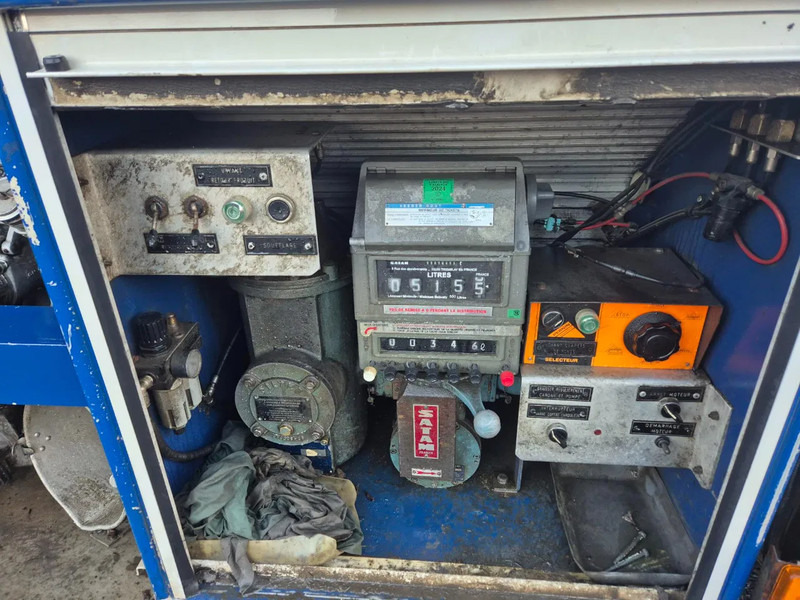 Tanker truck for transportation of fuel Scania P310 13500L CARBURANT / FUEL - 4 COMP: picture 17 Tanker truck for transportation of fuel Scania P310 13500L CARBURANT / FUEL - 4 COMP: picture 17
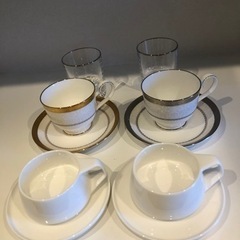 きまっています。ノリタケ　ペアカップセット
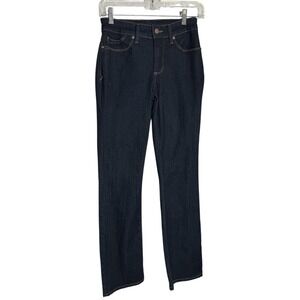 NYDJ Dark Wash Blue Jeans size 0 Women's Classic Fit BOOTCUT PERFECT‎ 💙💙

Your task
Keep the pictures out while you retype all of the data above exactly as it appears.

Solved problem
 Tanker truck for transportation of fuel Scania P310 13500L CARBURANT / FUEL - 4 COMP: picture 17 Tanker truck for transportation of fuel Scania P310 13500L CARBURANT / FUEL - 4 COMP: picture 17
 きまっています。ノリタケ　ペアカップセット
 NYDJ Dark Wash Blue Jeans size 0 Women's Classic Fit BOOTCUT PERFECT‎ 💙💙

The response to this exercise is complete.